***** Information provided

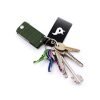 Black Fox B-Key Verde-coltellipersonalizzati.com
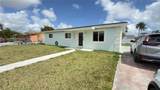 30605 152nd Ct - Photo 2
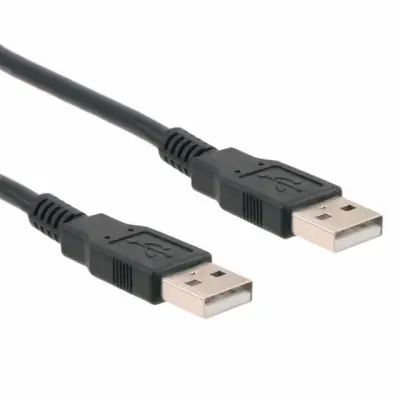 102-1020-BL-00300 main image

**********

• Exercise brief:
Give back exactly the lines from the line with "30605 152nd Ct - Photo 2" through the end of the material above, and omit every picture.

• Solution below:
 30605 152nd Ct - Photo 2
 102-1020-BL-00300 main image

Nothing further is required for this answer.